Es 18 de septiembre y por una estrecha escalera que parece no conducir a ningún lugar va lento y pensante Pablo Neruda. Hace poco ha dejado “La Sebastiana” y se apronta a tomar el ascensor Florida. Está contento, pues hoy celebrará un nuevo aniversario de la inauguración de aquella casa alada y firme, un poco solitaria y de vecinos casi invisibles.
La escalera que parece no llegar a ninguna parte desemboca en un pasaje escondido en las caderas del cerro, dibujado entre los límites imaginarios que trazan los colores de sus casas y que lleva por nombre el de Prefecto Lazo.
Luego de dar algunos pasos llega hasta calle Marconi (Guglielmo Marconi), premio Nobel al igual que él, quien por haber desarrollado la telegrafía sin hilos, jamás haber estado en Valparaíso, y menos haber legado a gran parte del mundo su poesía imperecedera, apellida una calle del cerro Florida. Pero a Neruda aquello no ha de importarle.
Al entrar al ascensor y captar las miradas de sus compañeros de descenso decide echar la vista al pacífico, y tal vez quién sabe, recordar: “Que se entienda, te pido, puerto mío, que yo tengo derecho a escribirte lo bueno y lo malvado y soy como las lámparas amargas cuando iluminan las botellas rotas”.
Casi 50 años más tarde “Santiago es Chile” se sumía en un delirio insostenible por celebrar a como diera lugar sus 200 años pretendiendo para ello comprimirlos en sólo cuatro días y una cápsula. Pero por suerte no todo estaba perdido.
Los vecinos del pasaje Prefecto Lazo hubieron de organizarse para celebrar estas fiestas patrias al compás de notas más amables y sin la necesidad de izar mega banderas. En aquella fiesta de barrio no se exaltó el chovinismo que por estos días fue el pulso obligado del país, por el contrario, el pasaje fue adornado con ramas de eucaliptus, banderitas chilenas y la alegría de los niños que corrían ensacados mientras el cielo se cubría de volantines.

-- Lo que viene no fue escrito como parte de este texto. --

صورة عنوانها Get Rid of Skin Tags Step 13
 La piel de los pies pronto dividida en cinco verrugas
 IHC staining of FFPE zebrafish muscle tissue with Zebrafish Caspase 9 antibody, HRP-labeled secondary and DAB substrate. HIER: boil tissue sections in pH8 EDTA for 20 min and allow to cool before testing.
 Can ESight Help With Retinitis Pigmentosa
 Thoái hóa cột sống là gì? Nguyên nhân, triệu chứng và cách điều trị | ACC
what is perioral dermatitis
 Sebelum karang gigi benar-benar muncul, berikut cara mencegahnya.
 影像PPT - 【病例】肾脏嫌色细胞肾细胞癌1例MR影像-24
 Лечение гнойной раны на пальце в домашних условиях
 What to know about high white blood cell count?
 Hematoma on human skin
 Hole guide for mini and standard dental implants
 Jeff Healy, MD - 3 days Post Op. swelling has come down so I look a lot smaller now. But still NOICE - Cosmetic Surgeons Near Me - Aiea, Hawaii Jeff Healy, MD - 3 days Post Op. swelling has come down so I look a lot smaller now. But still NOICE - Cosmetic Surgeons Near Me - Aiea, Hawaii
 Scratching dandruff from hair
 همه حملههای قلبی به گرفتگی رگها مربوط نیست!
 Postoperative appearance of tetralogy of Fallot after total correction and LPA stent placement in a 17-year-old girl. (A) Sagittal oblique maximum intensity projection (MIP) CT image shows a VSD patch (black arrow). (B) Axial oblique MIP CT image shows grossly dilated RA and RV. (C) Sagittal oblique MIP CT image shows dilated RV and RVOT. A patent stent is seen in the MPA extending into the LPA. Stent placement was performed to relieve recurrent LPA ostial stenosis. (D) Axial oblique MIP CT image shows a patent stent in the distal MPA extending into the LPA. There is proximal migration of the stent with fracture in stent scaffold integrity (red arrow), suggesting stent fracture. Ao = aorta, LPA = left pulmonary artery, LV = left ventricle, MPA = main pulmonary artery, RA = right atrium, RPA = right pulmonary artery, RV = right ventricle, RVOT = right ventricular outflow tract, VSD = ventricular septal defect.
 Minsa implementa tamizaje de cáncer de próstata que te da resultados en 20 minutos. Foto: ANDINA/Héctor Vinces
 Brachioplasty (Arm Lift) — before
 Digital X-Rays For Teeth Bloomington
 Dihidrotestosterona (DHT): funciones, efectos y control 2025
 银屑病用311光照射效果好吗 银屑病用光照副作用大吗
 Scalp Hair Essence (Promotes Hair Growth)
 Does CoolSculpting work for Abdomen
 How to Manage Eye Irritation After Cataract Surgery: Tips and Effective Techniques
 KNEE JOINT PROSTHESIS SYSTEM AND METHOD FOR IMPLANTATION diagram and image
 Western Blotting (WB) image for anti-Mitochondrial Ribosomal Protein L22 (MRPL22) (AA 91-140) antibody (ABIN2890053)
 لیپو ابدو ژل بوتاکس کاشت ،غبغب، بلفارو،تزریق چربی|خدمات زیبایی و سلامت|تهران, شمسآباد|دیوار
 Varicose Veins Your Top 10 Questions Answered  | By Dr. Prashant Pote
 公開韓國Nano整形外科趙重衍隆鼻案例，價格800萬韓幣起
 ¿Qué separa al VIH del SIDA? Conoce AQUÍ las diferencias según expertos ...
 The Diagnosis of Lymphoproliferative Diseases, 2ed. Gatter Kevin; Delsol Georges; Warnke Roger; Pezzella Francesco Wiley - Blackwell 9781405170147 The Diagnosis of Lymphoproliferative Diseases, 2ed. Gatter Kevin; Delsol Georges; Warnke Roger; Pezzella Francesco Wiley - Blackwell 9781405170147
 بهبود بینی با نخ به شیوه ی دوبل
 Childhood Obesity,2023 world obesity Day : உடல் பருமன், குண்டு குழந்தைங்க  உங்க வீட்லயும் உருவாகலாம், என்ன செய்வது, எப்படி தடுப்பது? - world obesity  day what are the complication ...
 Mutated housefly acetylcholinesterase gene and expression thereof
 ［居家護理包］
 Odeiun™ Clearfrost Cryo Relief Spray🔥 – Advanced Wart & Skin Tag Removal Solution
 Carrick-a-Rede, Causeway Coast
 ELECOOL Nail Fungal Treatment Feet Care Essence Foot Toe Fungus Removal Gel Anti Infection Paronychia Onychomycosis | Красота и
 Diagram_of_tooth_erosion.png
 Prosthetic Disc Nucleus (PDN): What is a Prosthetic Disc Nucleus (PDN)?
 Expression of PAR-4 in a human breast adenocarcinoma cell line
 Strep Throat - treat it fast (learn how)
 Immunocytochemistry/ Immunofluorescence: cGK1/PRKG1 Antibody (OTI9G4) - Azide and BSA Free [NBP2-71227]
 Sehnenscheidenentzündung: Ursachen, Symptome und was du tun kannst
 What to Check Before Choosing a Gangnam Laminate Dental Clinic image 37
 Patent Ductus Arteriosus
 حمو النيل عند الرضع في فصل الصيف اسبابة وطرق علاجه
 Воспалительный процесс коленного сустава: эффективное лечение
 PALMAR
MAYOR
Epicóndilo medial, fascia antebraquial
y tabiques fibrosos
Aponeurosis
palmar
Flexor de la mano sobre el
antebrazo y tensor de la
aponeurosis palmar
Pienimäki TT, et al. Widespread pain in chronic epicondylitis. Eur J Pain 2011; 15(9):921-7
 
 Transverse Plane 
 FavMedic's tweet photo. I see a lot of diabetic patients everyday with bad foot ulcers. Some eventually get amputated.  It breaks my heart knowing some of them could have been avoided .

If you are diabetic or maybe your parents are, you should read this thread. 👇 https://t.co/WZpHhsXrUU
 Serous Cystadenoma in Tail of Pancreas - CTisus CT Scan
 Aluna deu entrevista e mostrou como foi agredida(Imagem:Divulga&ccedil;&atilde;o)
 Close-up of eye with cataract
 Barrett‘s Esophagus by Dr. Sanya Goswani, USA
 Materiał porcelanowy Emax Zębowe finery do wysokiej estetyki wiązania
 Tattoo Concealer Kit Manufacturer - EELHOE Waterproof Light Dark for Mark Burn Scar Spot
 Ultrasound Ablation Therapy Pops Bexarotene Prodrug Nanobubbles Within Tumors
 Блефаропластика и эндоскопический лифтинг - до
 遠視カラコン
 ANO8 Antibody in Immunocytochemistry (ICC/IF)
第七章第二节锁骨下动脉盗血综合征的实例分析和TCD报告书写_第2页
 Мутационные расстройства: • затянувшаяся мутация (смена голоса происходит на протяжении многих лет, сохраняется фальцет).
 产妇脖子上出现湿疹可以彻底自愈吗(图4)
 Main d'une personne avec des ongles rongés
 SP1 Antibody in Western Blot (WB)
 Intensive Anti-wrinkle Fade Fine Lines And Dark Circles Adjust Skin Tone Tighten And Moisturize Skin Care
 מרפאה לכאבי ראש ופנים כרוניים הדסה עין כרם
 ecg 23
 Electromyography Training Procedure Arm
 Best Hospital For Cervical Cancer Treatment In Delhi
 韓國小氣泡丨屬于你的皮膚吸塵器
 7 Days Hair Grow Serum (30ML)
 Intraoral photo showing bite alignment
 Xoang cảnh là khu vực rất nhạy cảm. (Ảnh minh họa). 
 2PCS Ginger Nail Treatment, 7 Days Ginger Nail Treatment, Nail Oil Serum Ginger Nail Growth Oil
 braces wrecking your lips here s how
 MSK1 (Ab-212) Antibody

Un poco más arriba una vecina con mano de monja ofrecía empanadas de horno al resto de sus vecinos. Deliciosas, con tres aceitunas, carne en trozos, cremosas y capaces de noquear al más estricto de los paladares.
En esas fiestas pudo rescatarse el paso cansino del Chile de antaño que no requería de grandes supermercados ni malls con puertas automáticas y escaleras mecánicas para abastecerse y poder disfrutar junto a los suyos de esas fiestas con gusto a campo y que recuerdan los albores de nuestra independencia.
Aquí existen los almacenes de barrio, con olor a pan y gatos echados en el mostrador haciendo las veces de guardia, sus puertas siempre están abiertas y de sus escaleras de piedra a lo más crecerá el musgo y unas cuantas flores.
Así, entre niños jugando, vecinos, barrio, cerro, parrilla en la vereda, banderitas al viento y una que otra vecina primorosa capaz de hacer entonar el mea culpa al solterón más empedernido, hubo de conmemorarse el inicio de nuestra vida independiente, alejado del mundanal carnaval dieciochero y a la sombra del poeta que aquella tarde, seguro estoy, vi caminar fugaz entre la multitud y la música rumbo a “La Sebastiana”.